Boy Meets World was a cute little show okay for tweens and family members alike—the laugh line sounds like it’s evenly dispersed between adults and children. (It also includes a bones scandal-line of “oohs” and whistles for when anything romantic happens. I hadn’t noticed that before—is it just a 90’s teenage sitcom thing?) This isn’t to say that I think it’s aimed at older brothers and fathers, of course, but seeing as how it aired as part of ABC’s “Thank God It’s Friday” series on Friday evenings, I believe it was meant for the entire family gathered on a couch because there’s nothing else to do at that time that’s appropriate for everyone. That’s what my family did. My brother, sister and I would stay with our dad on weekends, make spaghetti, and gather around the coffee table to watch Family Matters and Boy Meets World. I can’t remember how old I was, but I was young enough to hide in the couch cushions every time someone kissed.

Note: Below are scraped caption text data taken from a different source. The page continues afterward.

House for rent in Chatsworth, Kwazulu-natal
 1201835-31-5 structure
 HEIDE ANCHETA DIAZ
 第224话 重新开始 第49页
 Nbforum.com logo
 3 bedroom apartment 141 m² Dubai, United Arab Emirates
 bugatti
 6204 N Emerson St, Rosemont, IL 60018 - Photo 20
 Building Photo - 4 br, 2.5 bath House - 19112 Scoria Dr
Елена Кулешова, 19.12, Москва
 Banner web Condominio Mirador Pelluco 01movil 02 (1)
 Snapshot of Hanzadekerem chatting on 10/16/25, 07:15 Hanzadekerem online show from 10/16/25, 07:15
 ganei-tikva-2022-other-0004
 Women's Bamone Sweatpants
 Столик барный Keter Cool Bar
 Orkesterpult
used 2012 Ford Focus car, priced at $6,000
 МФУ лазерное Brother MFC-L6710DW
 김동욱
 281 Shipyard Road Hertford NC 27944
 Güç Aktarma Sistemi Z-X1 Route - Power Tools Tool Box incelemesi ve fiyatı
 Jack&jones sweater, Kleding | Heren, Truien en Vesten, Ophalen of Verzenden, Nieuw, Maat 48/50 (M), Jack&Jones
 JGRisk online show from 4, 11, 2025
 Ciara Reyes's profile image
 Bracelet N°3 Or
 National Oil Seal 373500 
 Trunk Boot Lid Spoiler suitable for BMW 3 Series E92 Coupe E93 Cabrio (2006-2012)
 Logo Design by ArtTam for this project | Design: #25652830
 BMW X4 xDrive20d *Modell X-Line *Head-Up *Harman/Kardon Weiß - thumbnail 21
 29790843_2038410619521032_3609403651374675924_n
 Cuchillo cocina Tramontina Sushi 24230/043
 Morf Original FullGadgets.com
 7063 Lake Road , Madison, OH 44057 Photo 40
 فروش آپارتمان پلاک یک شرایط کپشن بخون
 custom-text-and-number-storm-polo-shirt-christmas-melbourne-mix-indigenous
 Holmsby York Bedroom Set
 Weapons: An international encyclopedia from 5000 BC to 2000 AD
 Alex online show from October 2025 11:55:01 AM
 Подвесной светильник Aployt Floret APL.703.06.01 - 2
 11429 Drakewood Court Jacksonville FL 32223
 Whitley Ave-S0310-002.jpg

I’m realizing now the things I didn’t pick up on then. Like Topanga? She’s hot! (Now those “I wanna bang-a Topanga” t-shirts finally make sense.) I remembered her being more dorky than that, more like Corey. She is instead very stereotypically a teenage female; emotional, trendy, and doubtful. In the last episode she’s the first one to cry, hug Mr. Feeny and leave. Also, Mr. Feeny is kind of an asshole. He’s a wise meanie, and effectively teaches the gang of youth life lessons as he follows them from being their teacher to the principal to eventually following them to college and marrying the dean—oh, and he chaperones their senior prom, too, of course. His slightly British accent and stodgy frame make him the clear stuffy academic mentor, to eleven year olds just as to adult college students.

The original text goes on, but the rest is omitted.